**WHAT THE TASK ASKS**. Retype the material below exactly, from its first line through the line with "Raspberry & Baobab Cheesecake Squares"; the pictures stay out.

+++ GIVEN RECORDS +++

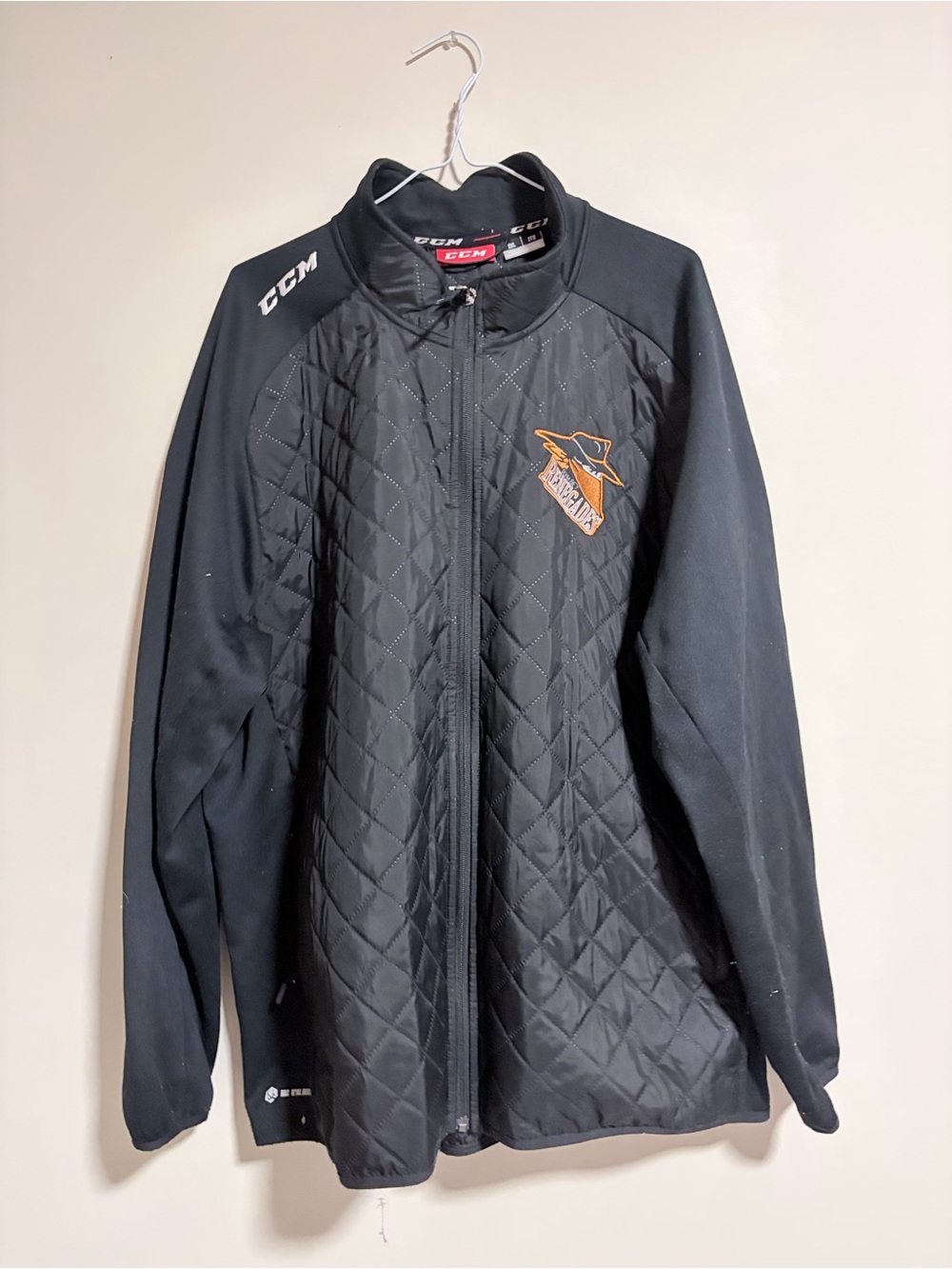 CCM Black Quilted Lightweight Full-Zip Jacket with Logo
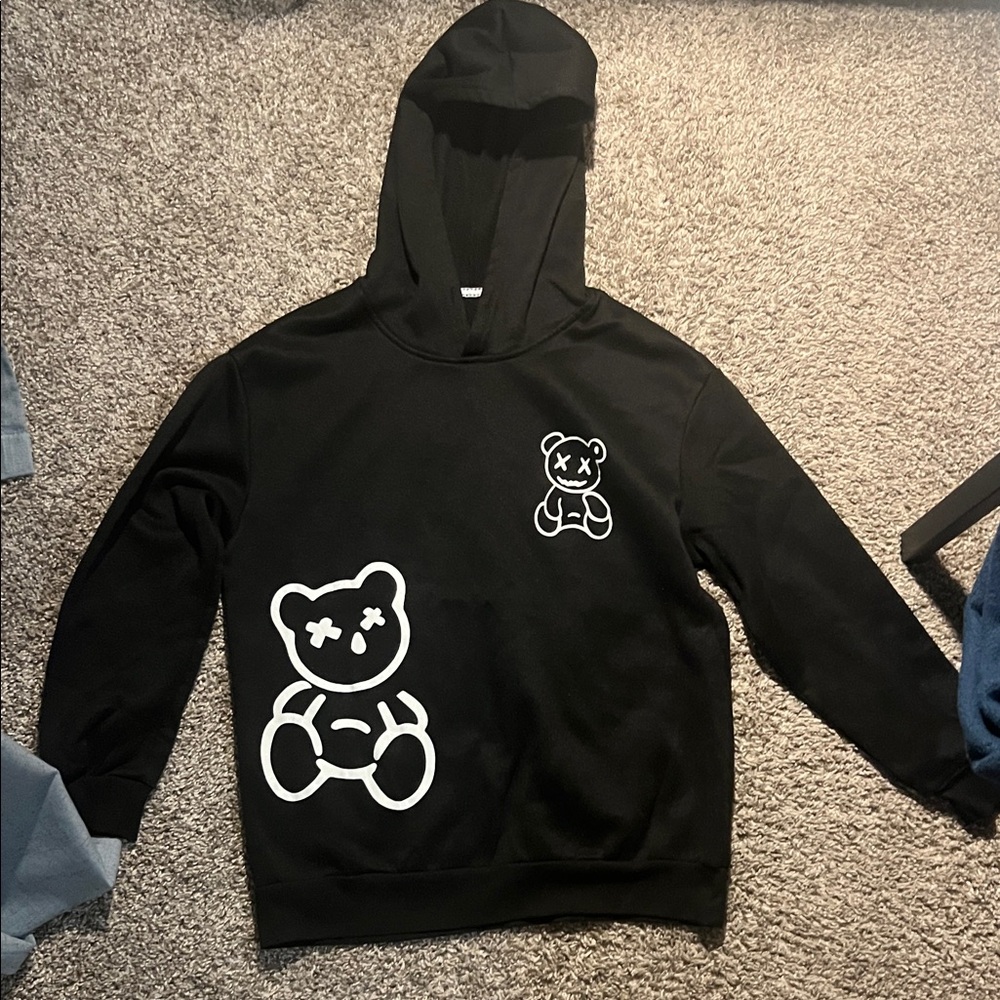 Black Hoodie with White Bear Design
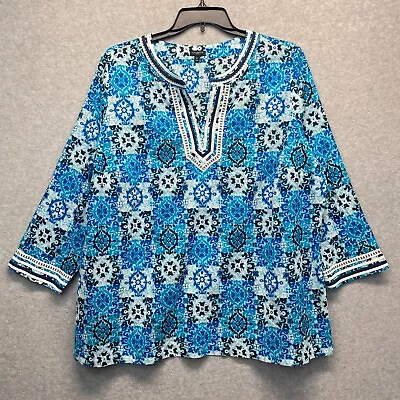 Buy Talbots Boho Mandala Peasant Blouse Womens Plus 2X Light Cotton 3/4 Sleeve Blue • 34.01£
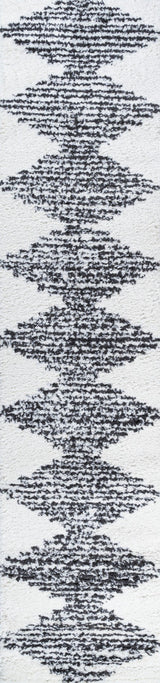 Elm Diamond Stripe Geometric Shag, White/Black, 2 X 10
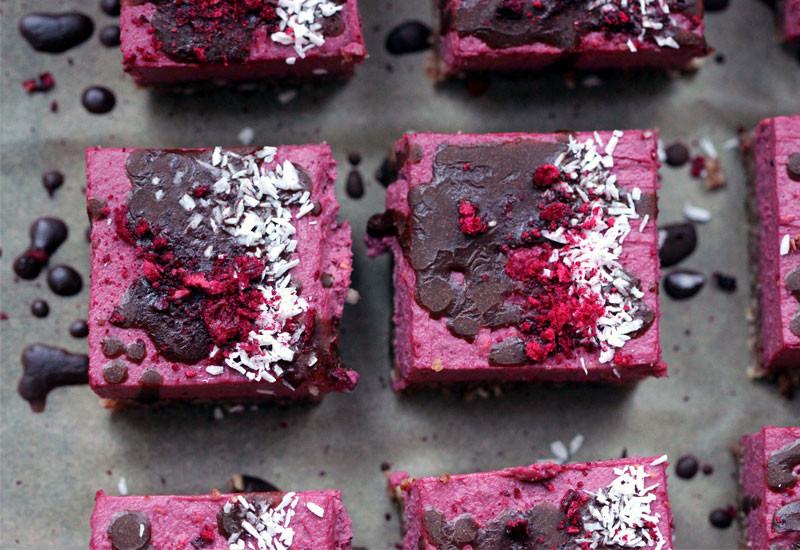 Raspberry & Baobab Cheesecake Squares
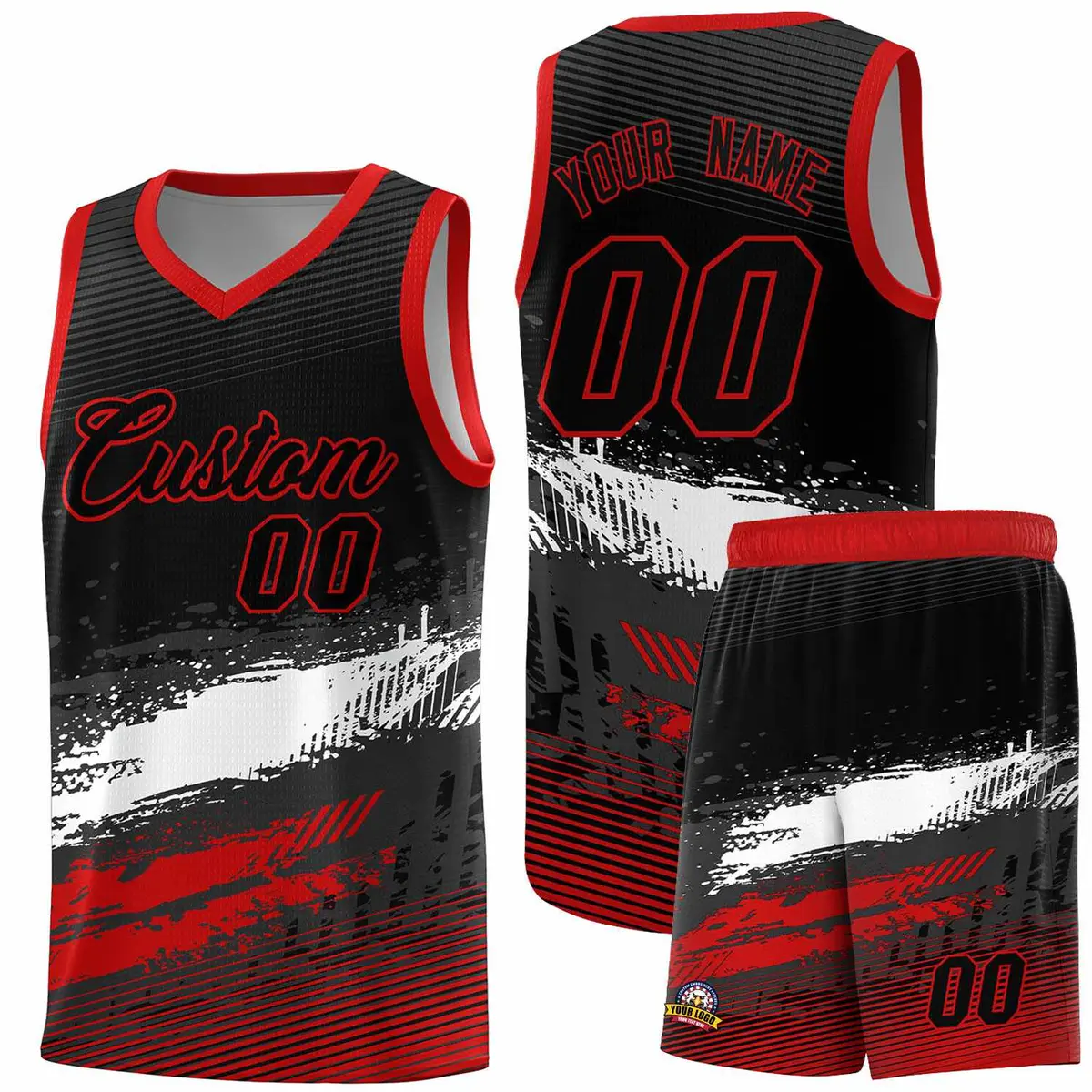 Black White Red Graffiti Pattern Basketball Jersey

+++

**SOLUTION TO THE EXERCISE**.
 CCM Black Quilted Lightweight Full-Zip Jacket with Logo
 Black Hoodie with White Bear Design
 Buy Talbots Boho Mandala Peasant Blouse Womens Plus 2X Light Cotton 3/4 Sleeve Blue • 34.01£
 Elm Diamond Stripe Geometric Shag, White/Black, 2 X 10
 Raspberry & Baobab Cheesecake Squares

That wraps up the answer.